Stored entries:
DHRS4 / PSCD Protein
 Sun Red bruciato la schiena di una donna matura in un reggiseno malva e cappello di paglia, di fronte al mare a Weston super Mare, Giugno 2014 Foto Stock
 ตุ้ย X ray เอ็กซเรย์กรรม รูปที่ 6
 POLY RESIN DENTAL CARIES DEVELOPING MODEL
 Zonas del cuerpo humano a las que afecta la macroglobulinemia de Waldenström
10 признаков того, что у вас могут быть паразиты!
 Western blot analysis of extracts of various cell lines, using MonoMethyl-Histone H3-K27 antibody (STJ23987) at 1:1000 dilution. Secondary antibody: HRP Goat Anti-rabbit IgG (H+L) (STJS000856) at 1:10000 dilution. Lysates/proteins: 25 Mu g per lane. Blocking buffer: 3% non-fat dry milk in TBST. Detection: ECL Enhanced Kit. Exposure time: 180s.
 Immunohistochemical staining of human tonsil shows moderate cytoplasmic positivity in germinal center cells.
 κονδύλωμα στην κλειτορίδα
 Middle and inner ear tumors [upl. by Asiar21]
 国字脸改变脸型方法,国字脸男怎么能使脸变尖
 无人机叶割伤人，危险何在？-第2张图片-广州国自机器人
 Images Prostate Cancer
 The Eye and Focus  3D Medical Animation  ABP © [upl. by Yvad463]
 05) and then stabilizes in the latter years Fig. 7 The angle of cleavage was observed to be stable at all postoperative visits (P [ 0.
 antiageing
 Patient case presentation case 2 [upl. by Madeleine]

Exercise
The entries above hold the needed span. Transcribe exactly the lines from the one with "Immunohistochemical staining of" to the one with "无人机叶割伤人，危险何在？-第2张图片-广州国自机器人", both included.

Solution to this problem
 Immunohistochemical staining of human tonsil shows moderate cytoplasmic positivity in germinal center cells.
 κονδύλωμα στην κλειτορίδα
 Middle and inner ear tumors [upl. by Asiar21]
 国字脸改变脸型方法,国字脸男怎么能使脸变尖
 无人机叶割伤人，危险何在？-第2张图片-广州国自机器人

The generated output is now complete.